Steel ahead of concrete turned out to be so successful that, after much initial resistance, Silverstein Properties Inc. gave the green light to use the same approach on its planned 1,776-ft-tall Freedom Tower across Vesey Street. "The construction method for 7 is exactly what we’ll be using on the Freedom Tower," says Carl Galioto, technical partner in the New York City office of the architect for both 7 and the Freedom Tower, Skidmore, Owings & Merrill.

During planning for 7, the construction manager predicted the strategy would shorten the schedule by three to four months. "There was a lot of skepticism within our ranks about the steel-first method and the client was not sure it was the best way to go," says Elio Cettina, supervisor of general superintendents for Tishman Construction Corp. of New York. The CM also is building the Freedom Tower.

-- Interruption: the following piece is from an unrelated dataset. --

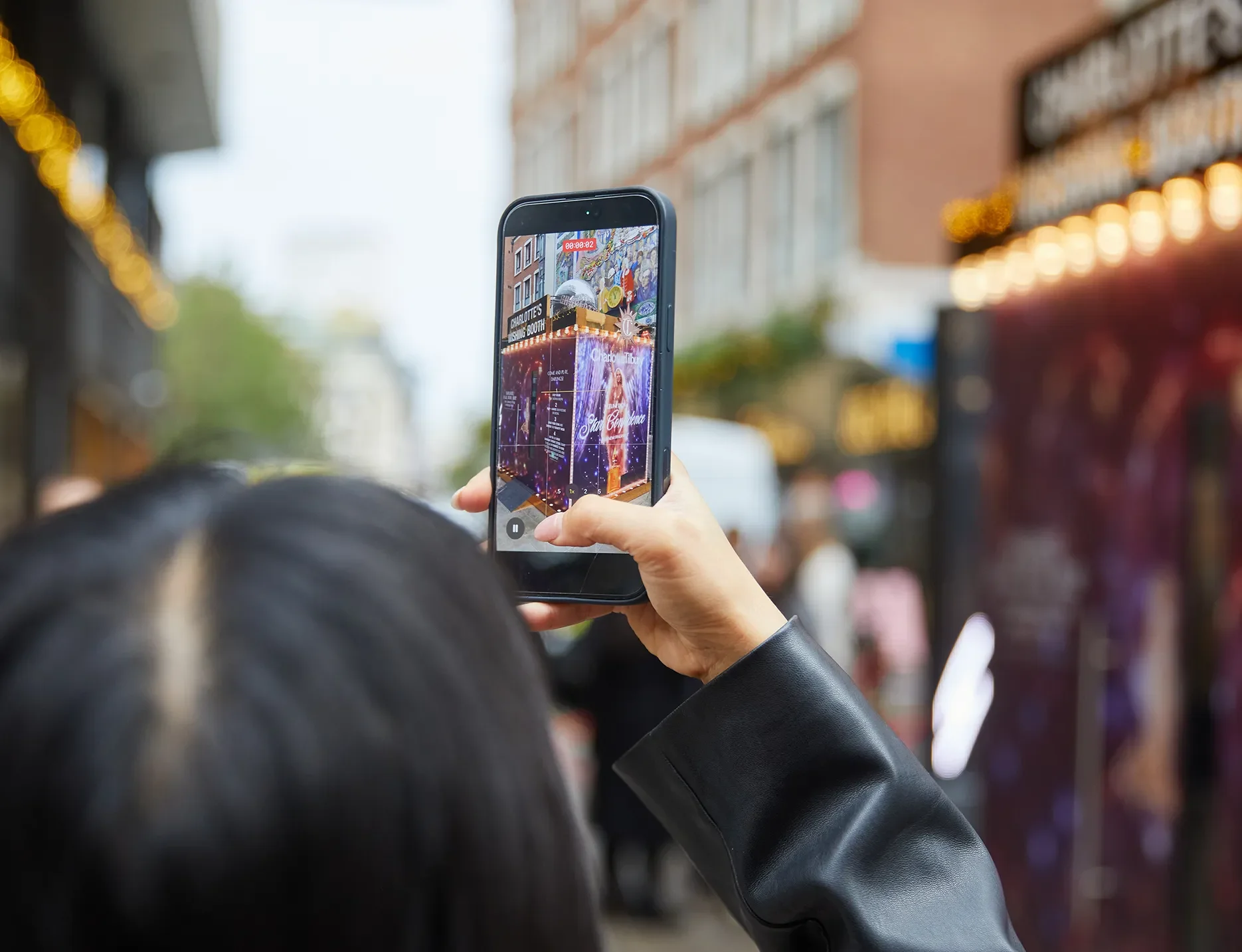 Charlottte Tilbury, Photobooth, Someone taking a photo of the booth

The proof is in the pudding, says Cettina. "We were able to maintain four-day-per-floor cycles for all operations" and beat the clock by a month beyond the prediction, he says.

Steel topped out last October instead of in November. Substantial completion is targeted for early November. Silverstein plans to move into its space in March.

click here for slide show

The steel-first approach requires meticulous planning and added doses of coordination and communication among the major contractors. It also requires buy-in by the trades, especially ironworkers. "It really took a big team effort," which is a switch from the usual adversarial atmosphere, says Dominick D’Antonio, chief engineer for the steel contractor, Helmark Steel Inc., Wilmington, Del.

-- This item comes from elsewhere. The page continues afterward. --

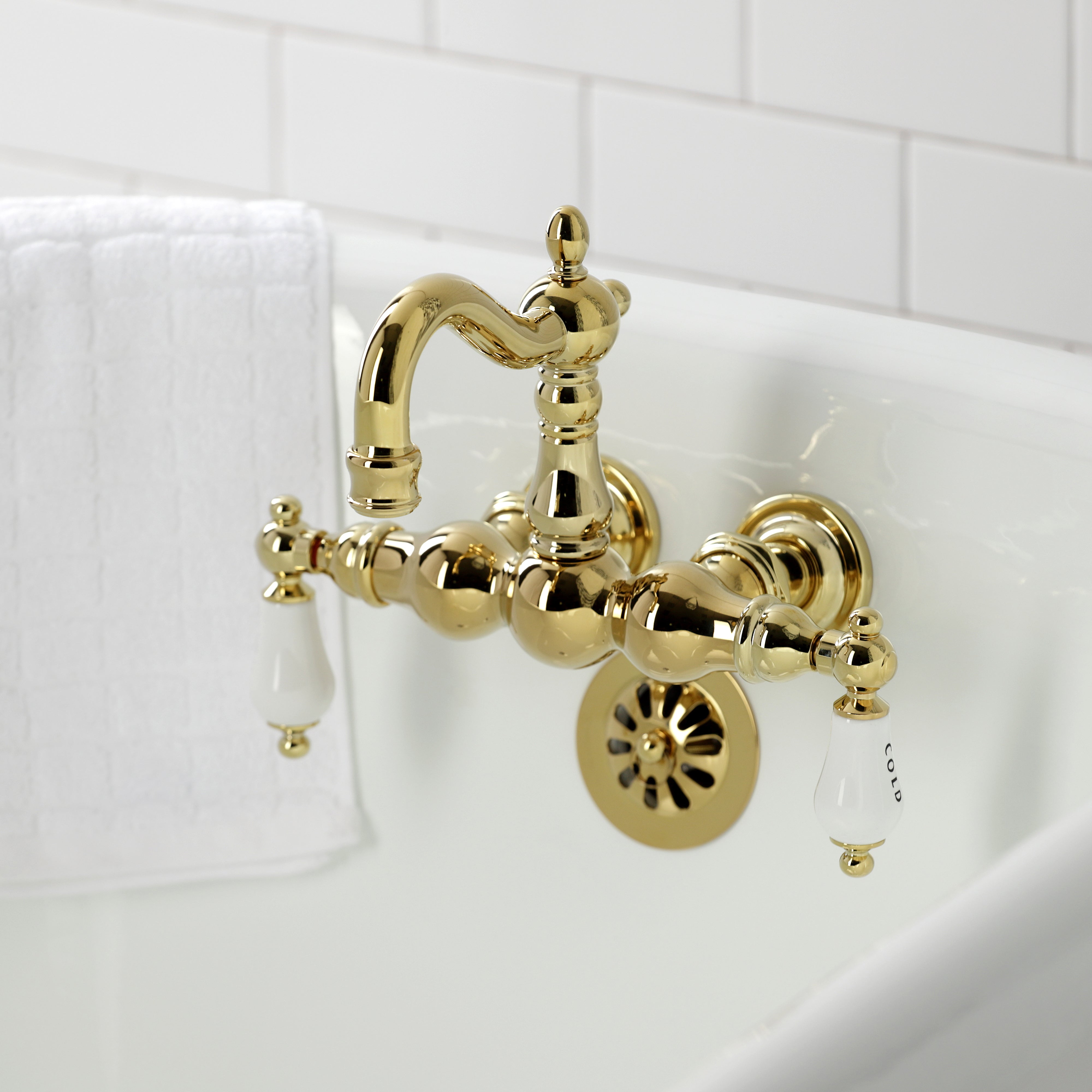 Kingston Brass CA1003T2 Heritage 3-3/8" Tub Wall Mount Clawfoot Tub Faucet, Polished Brass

The structural engineer still thinks concrete first is the better way to go. There is no need for erection columns and other temporary steel to stabilize the frame laterally until the core, which provides the structure’s permanent lateral stability, catches up, says Silvian Marcus, CEO for WSP Cantor Seinuk, which engineered the original 7 and also is designing the Freedom Tower. With concrete first, there also is no need for extra temporary protection.

The methodology’s advantages far outweigh any disadvantages, claims Mel Ruffini, Tishman’s project executive. Steel first allows the concrete to be cast inside a protective frame. It is considered safer, and thus acceptable to New York City ironworkers, who will not allow other work overhead. Steel first also allows the curtain wall to start sooner. And it is a more sustainable approach because the self-climbing forms used for the concrete core are reusable, says Tishman.

Self-Climber. Formwork kept core from lagging too far behind steel. (Photo courtesy of Tishman Construction Corporation)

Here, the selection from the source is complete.